▶ TASK TO CARRY OUT
Print each record exactly as it appears, but drop the images.

[Collected data]
↓

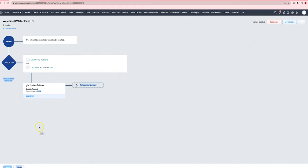If you want to send automated SMS in Zoho CRM, the previous approach was a little bit confusing.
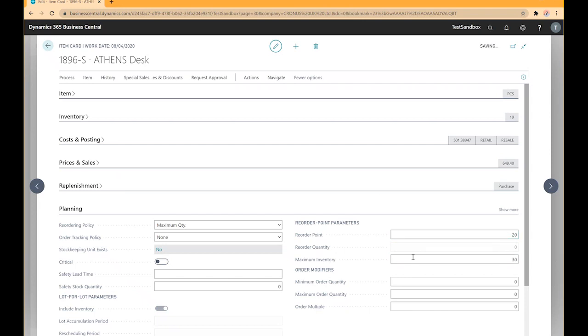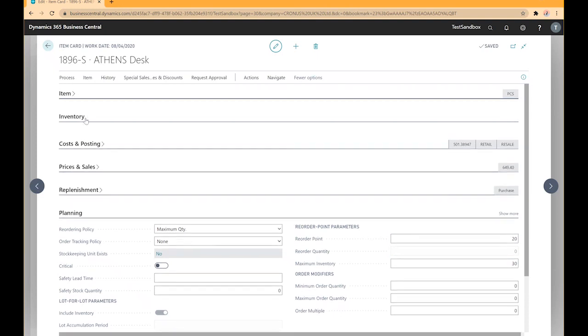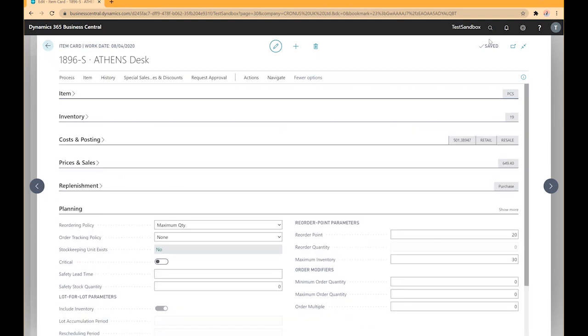This means that we always want to try and keep an inventory stock level of 30 for this item. If we check our inventory we can see that we currently have 19 in stock with none on purchase orders or sales orders, which means our projected inventory figure will stay at 19.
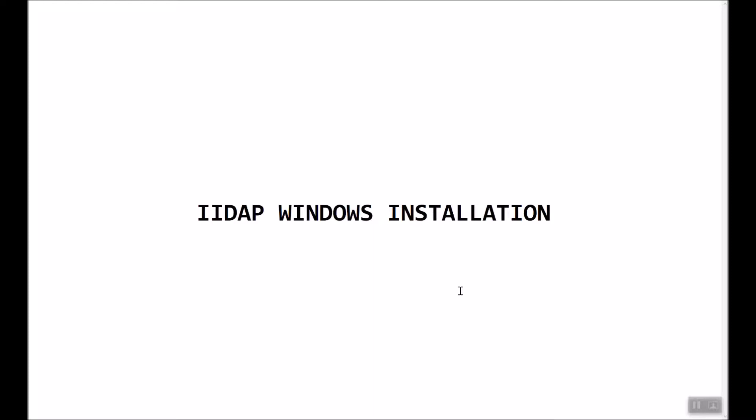Hello, in this video we'll go through the process to install IIDAP on a Windows machine. Since IIDAP is a MATLAB-based program, MATLAB runtime version 9.3 must be pre-installed on your PC. We'll go ahead to the IIDAP source folder.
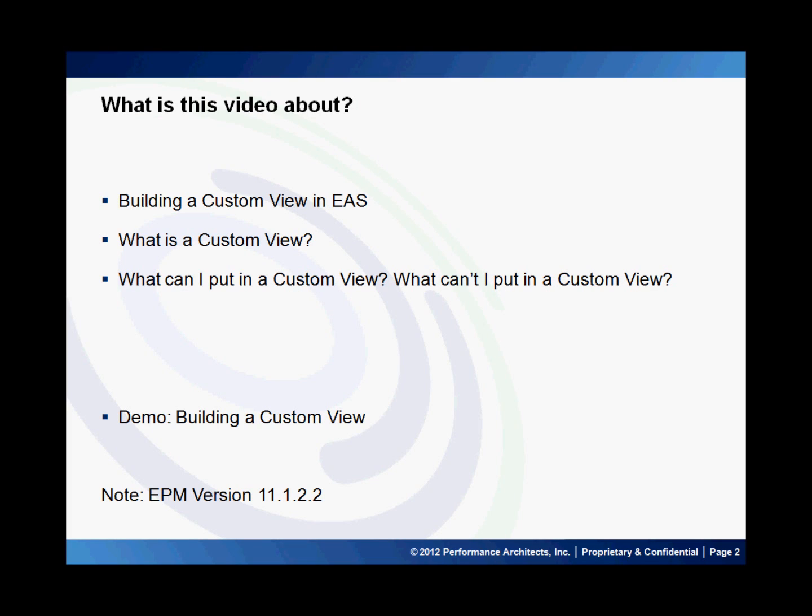Hello and welcome to another Performance Architects how-to. My name is Tom, and in this how-to I'm going to be discussing how to create a custom view in EAS. I'll be walking through how to build a custom view in EAS — what exactly a custom view is, what you can put in a custom view and what you can't, and then I'll walk through the steps of doing so.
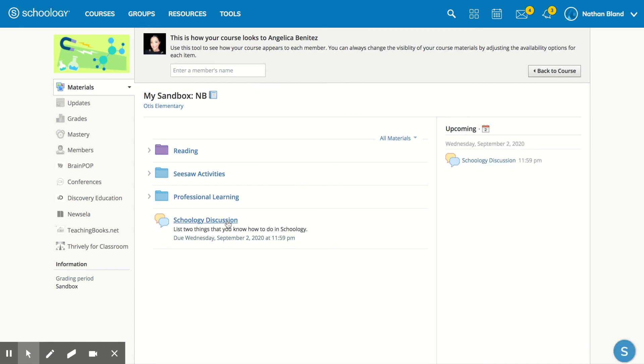Okay, so they would see the assignment here and they also see it up here in upcoming.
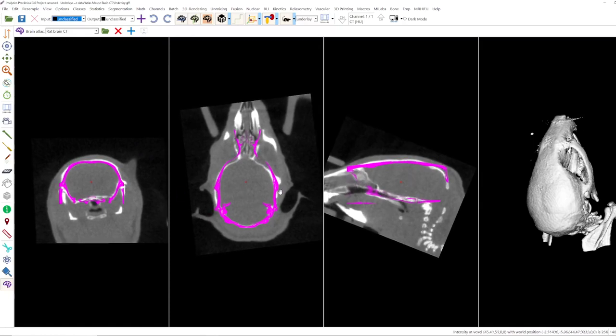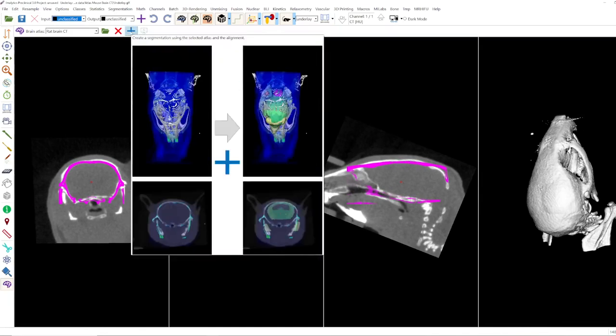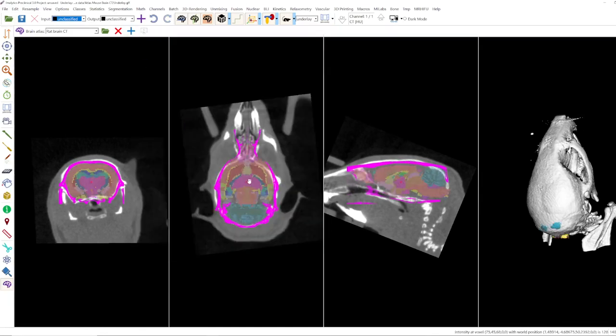And then you can go to the plus here, the blue plus and it creates a brain segmentation.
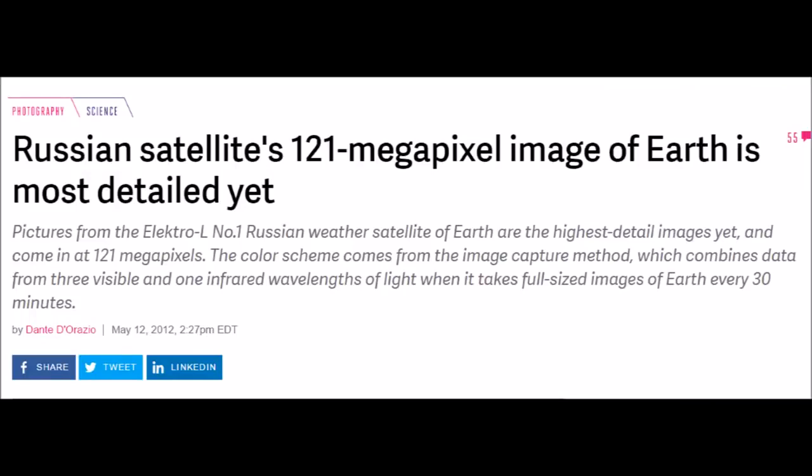Russian satellite's 121 megapixel image of Earth is the most detailed yet, and they're supposedly taking these pictures every 30 minutes. It's called the Electro L number one, but they also have a number two, and they actually have a link to the FTP server which you can see yourself.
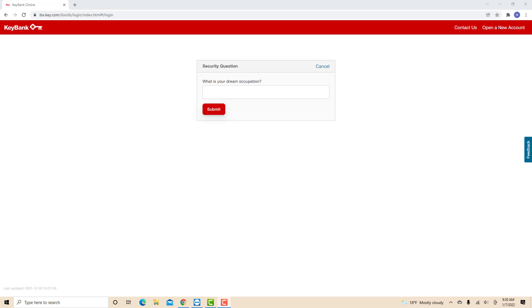In this video, we chose to verify by answering a security question. Once you've answered the question, or entered a passcode, click on Submit.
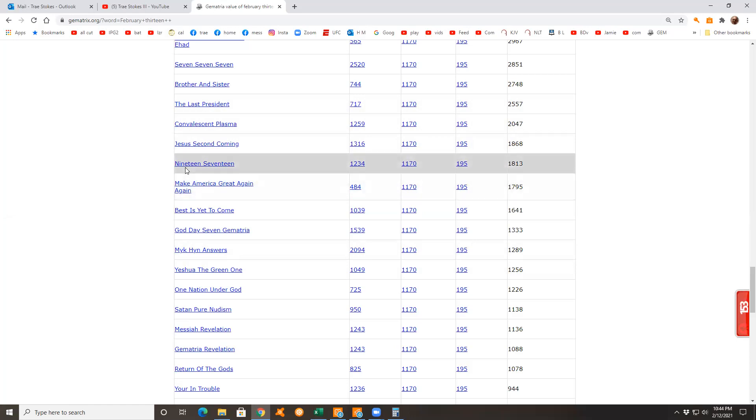I'll tell you what else - 1917 came up, and that was the movie that went up for the Academy Awards. It was about World War One, and of course World War One's like World War Three.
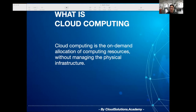And that's where cloud computing comes in. It's all about providing on-demand computing resources for development or production without you managing the physical infrastructure.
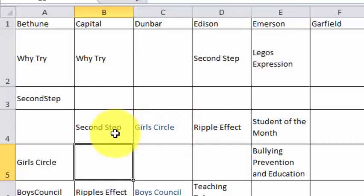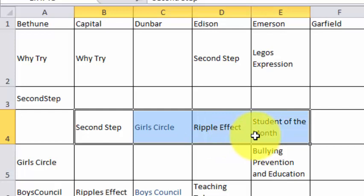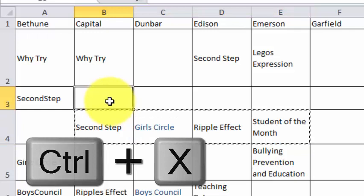If you want to move this text up from row four to row three, select the text you want to move up, press Control X on your keyboard, click in the cell in row three where you want that text to start, then press Control V.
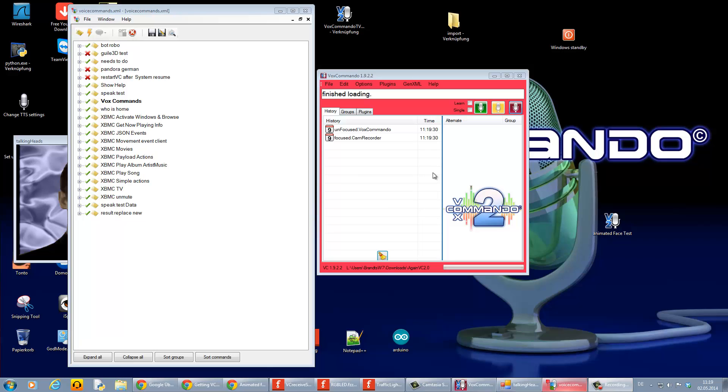Hi, I will show you in this video how you can copy and paste a command or command group from the VoxCommando forum to your command tree in VoxCommando.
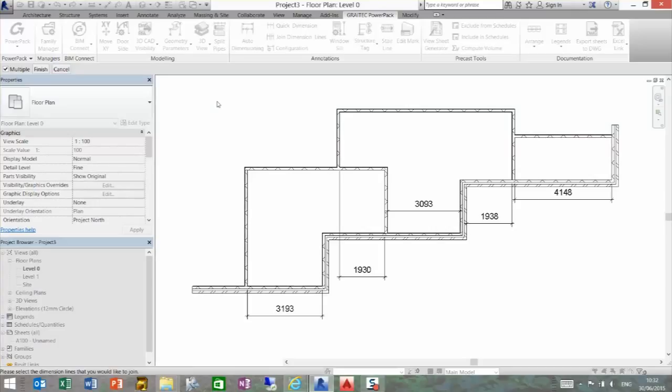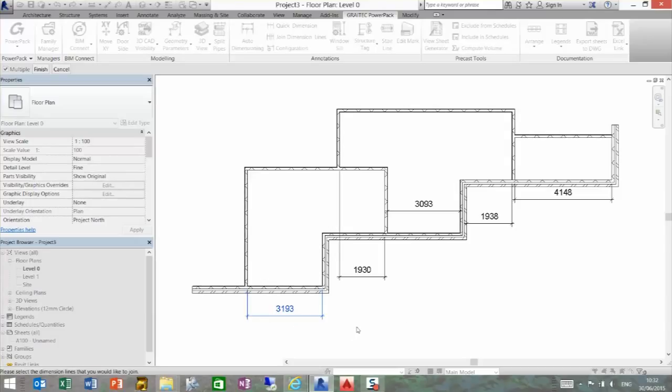The first dimension that you select will be the one that dictates the positioning. So if I select 3193, that is where all the dimensions will align to.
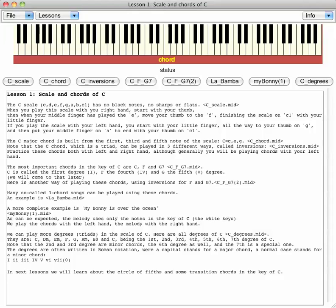The C scale - C, D, E, F, G, A, B, C1 - has no black notes, no sharps or flats.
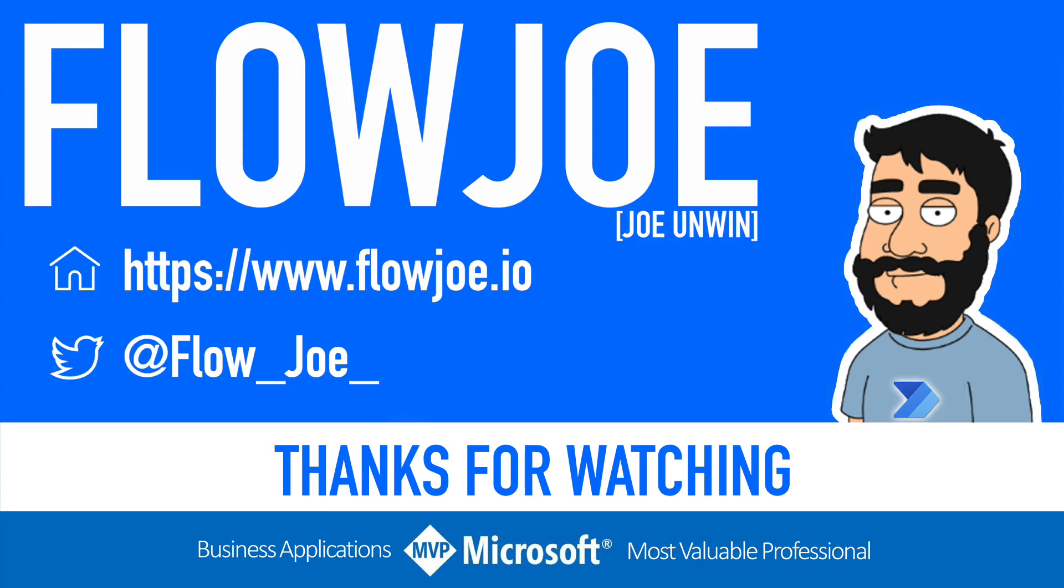That's it from me Flojo. Check out my blog at flojo.io for more guides on the Power Platform and don't forget to subscribe to my YouTube channel and hit that like button if you enjoyed the video. Thanks for watching.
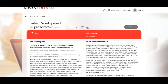Manage your own book of accounts and set the strategy for effective book management. Provide constructive feedback on how to improve effectiveness and efficiency within the SDR role to the director of sales operations. Support multiple stakeholders, including account executives, sales directors, and C-level leadership on lead generation projects, and collaborate with team members to share and learn from best practices.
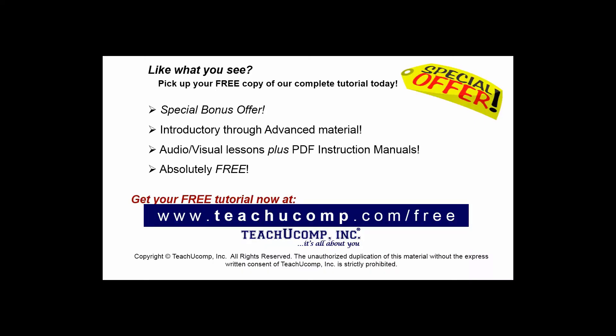Like what you see? Pick up your free copy of the complete tutorial at www.teachucomp.com/free.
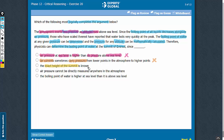Answer choice C states that the exact height of the summit is known. If the exact height of the summit is known, it means that from the altitude or height, the pressure at the summit can be calculated, and from the pressure, the boiling point of the water at the summit can be calculated. So it is correct to state that the boiling point of water at the summit can be calculated since the exact height of the summit is known. This is a good answer choice — let's keep it.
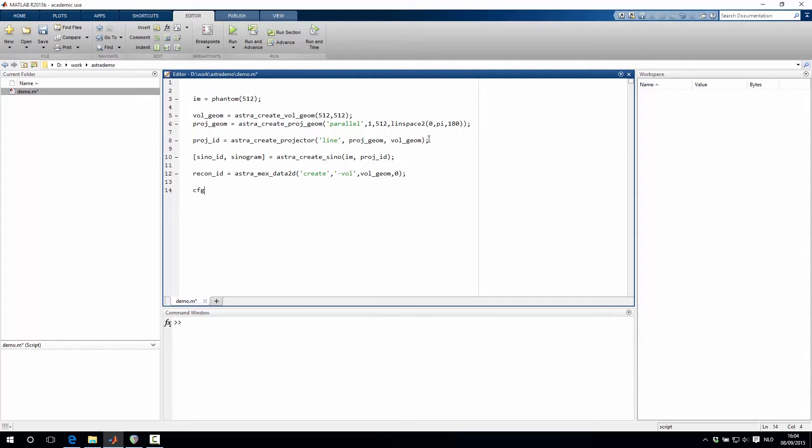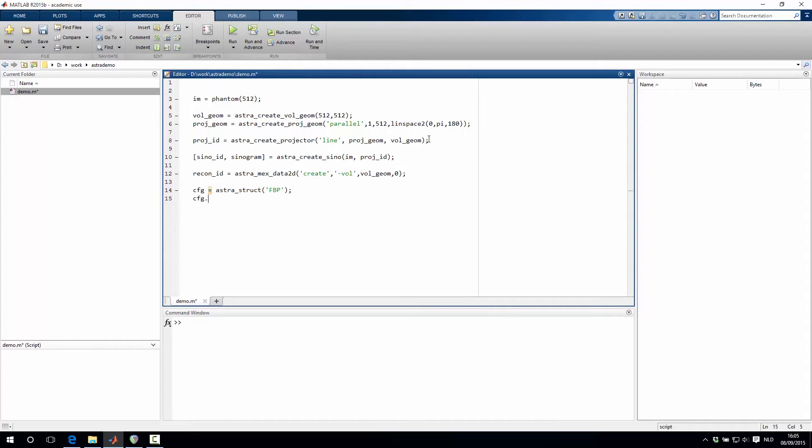So the next step is then to configure the algorithm, which we do by creating an astra structure and specifying that we want to have a filtered back projection. Then we have to add some options. First and foremost, we have the projector ID, where we specify the identifier of the projector.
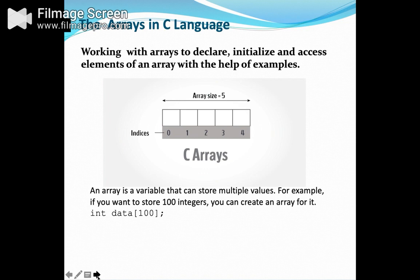An array is a fixed-size sequenced collection of elements of the same data type. It is a simple grouping of like-type data. In its simplest form, an array can be used to represent a list of numbers or a list of names. Since an array provides a convenient structure for representing data, it is classified as one of the data structures. It is a sequenced collection of related data items.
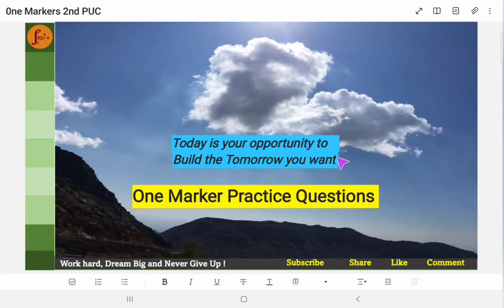Hi everyone. In this video we will go through different types of one-marker questions. We will go through matrices and determinants today.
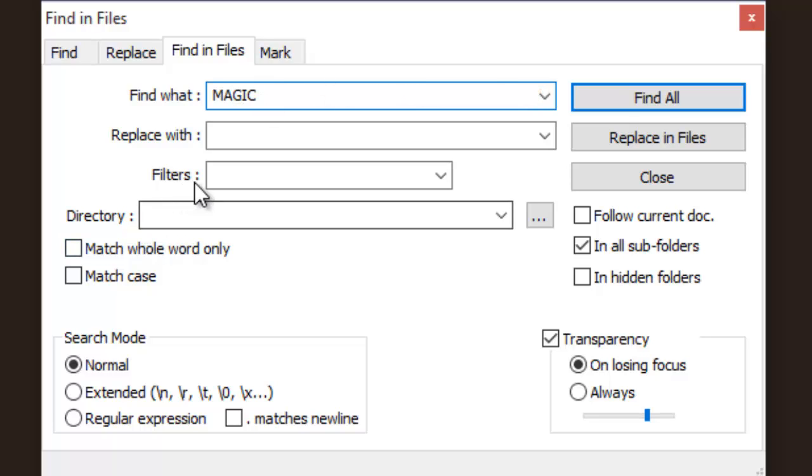I will specify in which file I have to search. So let's search in all the files.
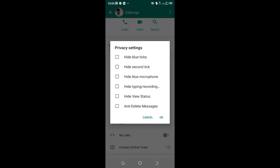In this video, I would like to show you a trick which you can use to hide blue ticks, hide second tick, hide blue microphone, and hide typing and hide view status.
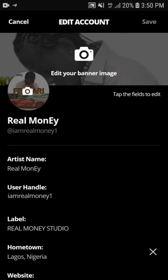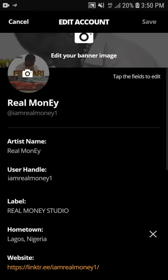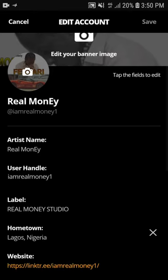Now you can change your profile image, banner image, artist name, user handle, label name, and more. After you've finished making the changes you want, then click Save.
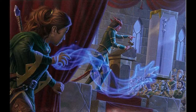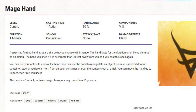We're going to go through it very briefly in terms of the written descriptor. It is one action to cast, with a range of 30 feet. It has a verbal component — you have to speak some words — and a somatic component, which means you have to make a gesture. It's a utility conjuration spell with a duration of 1 minute, and basically you create a spectral floating hand which allows you to manipulate objects. You can certainly see the hand.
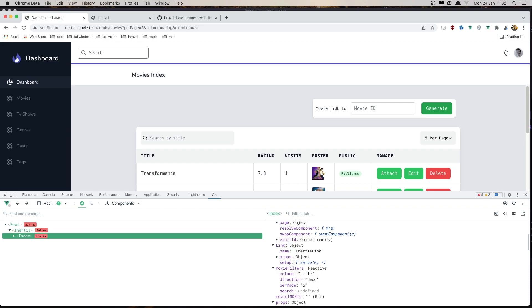Now in the movieFilters, if I click the title we have the column is title and direction is ascending - then descending, ascending and descending. And also here we have column title and direction. Click the rating - now we have column is rating and direction is ascending.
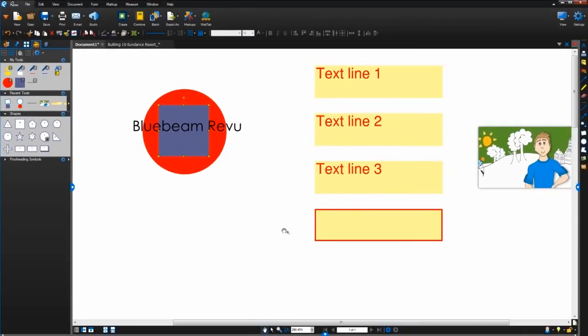And there you have it, the advanced options you have when adding or editing markups in Bluebeam Review. Now go get 'em, Bluebeamers!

↑

▶ TASK RESPONSE
If you want to send automated SMS in Zoho CRM, the previous approach was a little bit confusing.
This means that we always want to try and keep an inventory stock level of 30 for this item. If we check our inventory we can see that we currently have 19 in stock with none on purchase orders or sales orders, which means our projected inventory figure will stay at 19.
Hello, in this video we'll go through the process to install IIDAP on a Windows machine. Since IIDAP is a MATLAB-based program, MATLAB runtime version 9.3 must be pre-installed on your PC. We'll go ahead to the IIDAP source folder.
Hello and welcome to another Performance Architects how-to. My name is Tom, and in this how-to I'm going to be discussing how to create a custom view in EAS. I'll be walking through how to build a custom view in EAS — what exactly a custom view is, what you can put in a custom view and what you can't, and then I'll walk through the steps of doing so.
Okay, so they would see the assignment here and they also see it up here in upcoming.
And then you can go to the plus here, the blue plus and it creates a brain segmentation.
Russian satellite's 121 megapixel image of Earth is the most detailed yet, and they're supposedly taking these pictures every 30 minutes. It's called the Electro L number one, but they also have a number two, and they actually have a link to the FTP server which you can see yourself.
In this video, we chose to verify by answering a security question. Once you've answered the question, or entered a passcode, click on Submit.
I'll tell you what else - 1917 came up, and that was the movie that went up for the Academy Awards. It was about World War One, and of course World War One's like World War Three.
And that's where cloud computing comes in. It's all about providing on-demand computing resources for development or production without you managing the physical infrastructure.
If you want to move this text up from row four to row three, select the text you want to move up, press Control X on your keyboard, click in the cell in row three where you want that text to start, then press Control V.
Hi, I will show you in this video how you can copy and paste a command or command group from the VoxCommando forum to your command tree in VoxCommando.
The first dimension that you select will be the one that dictates the positioning. So if I select 3193, that is where all the dimensions will align to.
The C scale - C, D, E, F, G, A, B, C1 - has no black notes, no sharps or flats.
That's it from me Flojo. Check out my blog at flojo.io for more guides on the Power Platform and don't forget to subscribe to my YouTube channel and hit that like button if you enjoyed the video. Thanks for watching.
Manage your own book of accounts and set the strategy for effective book management. Provide constructive feedback on how to improve effectiveness and efficiency within the SDR role to the director of sales operations. Support multiple stakeholders, including account executives, sales directors, and C-level leadership on lead generation projects, and collaborate with team members to share and learn from best practices.
Like what you see? Pick up your free copy of the complete tutorial at www.teachucomp.com/free.
Answer choice C states that the exact height of the summit is known. If the exact height of the summit is known, it means that from the altitude or height, the pressure at the summit can be calculated, and from the pressure, the boiling point of the water at the summit can be calculated. So it is correct to state that the boiling point of water at the summit can be calculated since the exact height of the summit is known. This is a good answer choice — let's keep it.
So the next step is then to configure the algorithm, which we do by creating an astra structure and specifying that we want to have a filtered back projection. Then we have to add some options. First and foremost, we have the projector ID, where we specify the identifier of the projector.
An array is a fixed-size sequenced collection of elements of the same data type. It is a simple grouping of like-type data. In its simplest form, an array can be used to represent a list of numbers or a list of names. Since an array provides a convenient structure for representing data, it is classified as one of the data structures. It is a sequenced collection of related data items.
Hi everyone. In this video we will go through different types of one-marker questions. We will go through matrices and determinants today.
I will specify in which file I have to search. So let's search in all the files.
In this video, I would like to show you a trick which you can use to hide blue ticks, hide second tick, hide blue microphone, and hide typing and hide view status.
Now you can change your profile image, banner image, artist name, user handle, label name, and more. After you've finished making the changes you want, then click Save.
We're going to go through it very briefly in terms of the written descriptor. It is one action to cast, with a range of 30 feet. It has a verbal component — you have to speak some words — and a somatic component, which means you have to make a gesture. It's a utility conjuration spell with a duration of 1 minute, and basically you create a spectral floating hand which allows you to manipulate objects. You can certainly see the hand.
Now in the movieFilters, if I click the title we have the column is title and direction is ascending - then descending, ascending and descending. And also here we have column title and direction. Click the rating - now we have column is rating and direction is ascending.
And there you have it, the advanced options you have when adding or editing markups in Bluebeam Review. Now go get 'em, Bluebeamers!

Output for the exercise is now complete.